P370 Endoscopic balloon dilatation in paediatric stricturing Crohn’s disease: A retrospective collaborative study of the paediatric IBD Porto group of ESPGHAN

O. Ledder1, J. Viala2, D. Urlep3, D. Serban4, L. De Ridder5, M. Martinelli6, C. Romano7, S. Oliva8, S. Sharma9, M. Thomson9, D. Turner1, Paediatric IBD Porto Group of ESPGHAN

1Department of Pediatric Gastroenterology and Nutrition, Shaare Zedek Medical Center, Jerusalem, Israel, 2Department of paediatric gastroenterology, Hôpitaux de Paris, Paris, France, 3Department of Paediatric Gastroenterology, Ljubljana University Medical Centre, Ljubljana, Slovenia, 4Emergency Clinical Hospital for Children, 2nd Clinic of Pediatrics, Cluj-Napoca, Romania, 5Department of Paediatric Gastroenterology, Erasmus MC/Sophia Children′s Hospital, Rotterdam, The Netherlands, 6Department of Translational Medical Science, Section of Pediatrics, University of Naples Federico II, Naples, Italy, 7Department of Paediatric Gastroenterology, University of Messina, Messina, Italy, 8Department of Paediatric Gastroenterology, Sapienza University of Rome, Rome, Italy, 9Department of Paediatric Gastroenterology, Sheffield Children’s Hospital, Sheffield, UK

Background

Endoscopic balloon dilatation (EBD) is an effective management strategy in stricturing Crohn’s disease (CD). While adult studies showed a high success rate of improved symptoms and avoiding surgical intervention, very little has been published in children. We thus present a multi-centre retrospective cohort study of EBD in paediatric CD from 9 centres affiliated with the Paediatric IBD Porto group of ESPGHAN.

Methods

Demographics, imaging, serological data, clinical indices (including the newly-developed modified CD obstructive score (mCDOS)), post-EBD complications and need for surgical intervention were recorded on electronic case report forms.

Results

Thirty-nine balloon dilatations were performed on 34 children (20 (59%) male, mean age 14.3 ± 3.4 years, median disease duration 3.5 years (IQR 1.1–5.8)).

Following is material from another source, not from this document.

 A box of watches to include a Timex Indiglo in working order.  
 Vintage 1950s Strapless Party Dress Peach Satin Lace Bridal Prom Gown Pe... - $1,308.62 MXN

Successful avoidance of surgical intervention was recorded in 26 (76%) children, during a median follow-up period of 24 weeks (IQR 8–24). There was an increase in number of patients in clinical remission (wPCDAI < 12.5) following EBD from 20% pre-dilation to 36% (ns), 53% (p = 0.017) and 57% (p = 0.015) at weeks 2, 8 and 24, respectively. There was a trend to reduced mCDOS, from 5 (IQR 0–15) at baseline to 5 (0–6.25) (ns), 5 (0–5) (p = 0.04), and 0 (0–7.5) (ns), respectively. The stricture was primary in 31 (79%) children (17 in the ileocecal valve (ICV) region, 3 in the terminal ileum, 9 in the colon and 1 in the duodenum), 7 of whom had multiple strictures. Eight (21%) children had an anastomotic stricture. Median stricture length was 3 cm (IQR 2–4.7), bowel wall thickness 7 mm (IQR 5–8) and median pre-stenotic dilatation of 4.5 cm (IQR 4–5). Median maximal dilatation diameter was 15 mm (IQR 12–18) with the successful passage of the colonoscope in 26/39 (67%). There were 3 (8%) post-dilatation complications including one bleed following rectal dilatation (with spontaneous resolution) and 2 perforations (1 duodenal perforation managed conservatively and 1 ICV perforation requiring surgical resection).

Conclusion

EBD is an effective and safe technique in paediatric stricturing CD with over 75% avoiding surgery by one year and 8% complications. Further data are required to better identify optimal stricture features and dilatation diameter in children.